Vila de Sewell e Mina El Tenente

Embora muitos possam dizer que conhece Santiago, a capital do Chile, poucos podem dizer o mesmo da vila de Sewell e da mina El Teniente. Este é um dos passeios menos conhecidos da capital chilena e só agora tem sido procura de visitantes brasileiros.
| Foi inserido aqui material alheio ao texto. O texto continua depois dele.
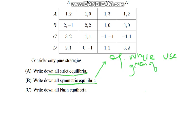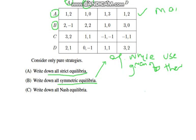So if player one chooses A, then player two will also choose A. And if player one chooses B, player two also chooses B. In other words, each player chooses the strategy which will maximize their payoffs given what the other player is doing.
A mina El Teniente esta localizada a 150 kms  ao sul de Santiago, na região de Rancágua. É considerada a maior mina de extração de cobre em profundidade do mundo com mais de 2.400 kms de túneis. Está localizada no meio da cordilheira andina, entre 2.000 a 2500 de altitude Esta ativa desde 1905 e hoje trabalha 24 horas, 7 dias por semana, extraindo diariamente 110 mil toneladas de rocha bruta das quais são extraídas 1.100 toneladas de cobre puro. Com produto secundários tão são extraídas 5 mil toneladas de Molibdênio, um mineral de alto custo usado na fabricação do aço. 
 
 
O cobre é chamado de Pão do Chile, pois é o principal produto de exportação do país, responsável pela entrada de centenas de milhões de dólares. Em todo o Chile existem dezenas de minas, alguns delas particulares e outras comandadas pelo governo. Somente as minas de cobre da Codelco, empresa governamental que cuida da extração deste minério, são responsáveis por 40% do PIB do Chile.
 
Visitar a mina El Teniente é algo impressionante, tantos pelo ineditismo dos passeios como pelas proporções de tudo na mina. As instalações são gigantes. Durante a visita é possível conhecer um pouco da historia deste lugar, bem como parte do processo de extração do cobre. A visita começa com a colocação de um equipamento de segurança obrigatório para se entrar nas instalações. Este equipamento consiste em óculos de proteção, capacete, botas, jaqueta laranja com refletores, um purificador de ar e um respirador de emergência preso a cintura. Vestido assim o visitante está protegido para enfrentar qualquer emergência e começa a se sentir um mineiro de verdade.
 
 
O próximo passo é subir em um micro-ônibus e entrar por um túnel de acesso que nos leva 4 quilômetros para dentro da montanha. Quando descemos do ônibus já estamos a mil metros abaixo da terra. A mina é um mundo a parte, uma verdadeira cidade onde circula 10 mil pessoas por dia. Com os túneis são estreitos, há vários turnos de trabalho com horários rígidos para entrar ou sair da mina. Por segurança, tudo é controlado nos mínimos detalhes e gigantes portas se abrem e fecham para isolar todos os setores da mina.  Depois de andar algumas centenas de metros pelos túneis, o passeio visita a Caverna dos Cristais. Esta caverna natural no meio da montanha forrada de cristais de quartzo, gesso e pirita, uma pedra dourada chamada de ouro dos tolos. A caverna é entrecortada por enormes cristais translúcidos de gesso, alguns com até 8 metros de comprimento. São pedras que não se encontram em qualquer lugar.
 
Depois de conhecer os cristais o passeio atravessa mais túneis em direção a uma das maquinas moedoras de pedra. É uma estrutura enorme na forma de um grande funil. Neste funil são atiradas as pedras retiradas da parte superior da mina (200 metros acima). No meio do funil existe uma bola de aço e titânio de 36 toneladas, responsável em transforma rochas do tamanho de um carro econômico em pedra com 20 cm de diâmetro. Neste lugar pode-se ver em detalhes como funciona o processo e observar a máquina em funcionamento. Algo impressionante, difícil de ser explicado.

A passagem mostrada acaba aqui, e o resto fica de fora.